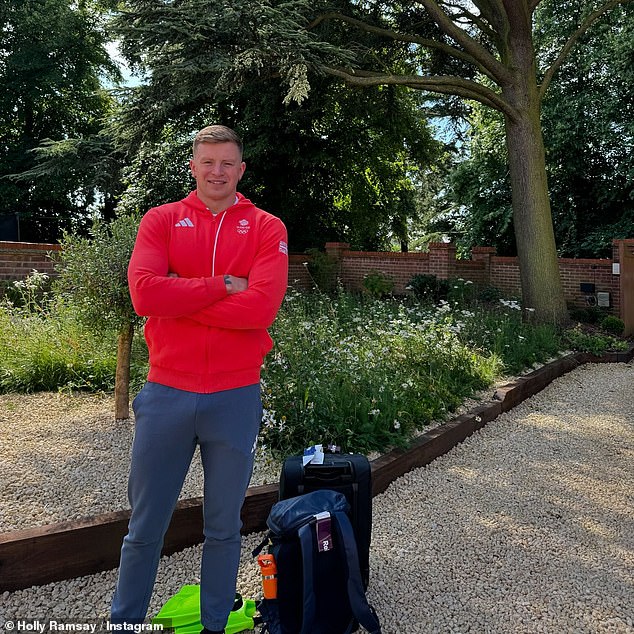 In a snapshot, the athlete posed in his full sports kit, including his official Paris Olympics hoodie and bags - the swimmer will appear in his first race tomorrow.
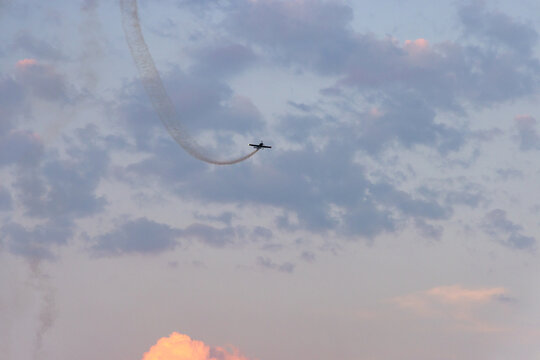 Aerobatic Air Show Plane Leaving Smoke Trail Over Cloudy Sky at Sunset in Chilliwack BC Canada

* * *

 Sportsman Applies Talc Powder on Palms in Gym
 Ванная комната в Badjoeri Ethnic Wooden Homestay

--

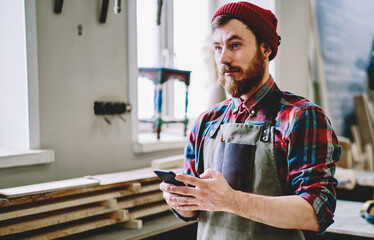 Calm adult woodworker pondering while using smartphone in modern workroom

ACTION ITEM: Copy needed, without pictures: the lines of the listing above from the line containing "In a snapshot, the" up to and including the line containing "Aerobatic Air Show", set down exactly.

REPLY:
 In a snapshot, the athlete posed in his full sports kit, including his official Paris Olympics hoodie and bags - the swimmer will appear in his first race tomorrow.
 Aerobatic Air Show Plane Leaving Smoke Trail Over Cloudy Sky at Sunset in Chilliwack BC Canada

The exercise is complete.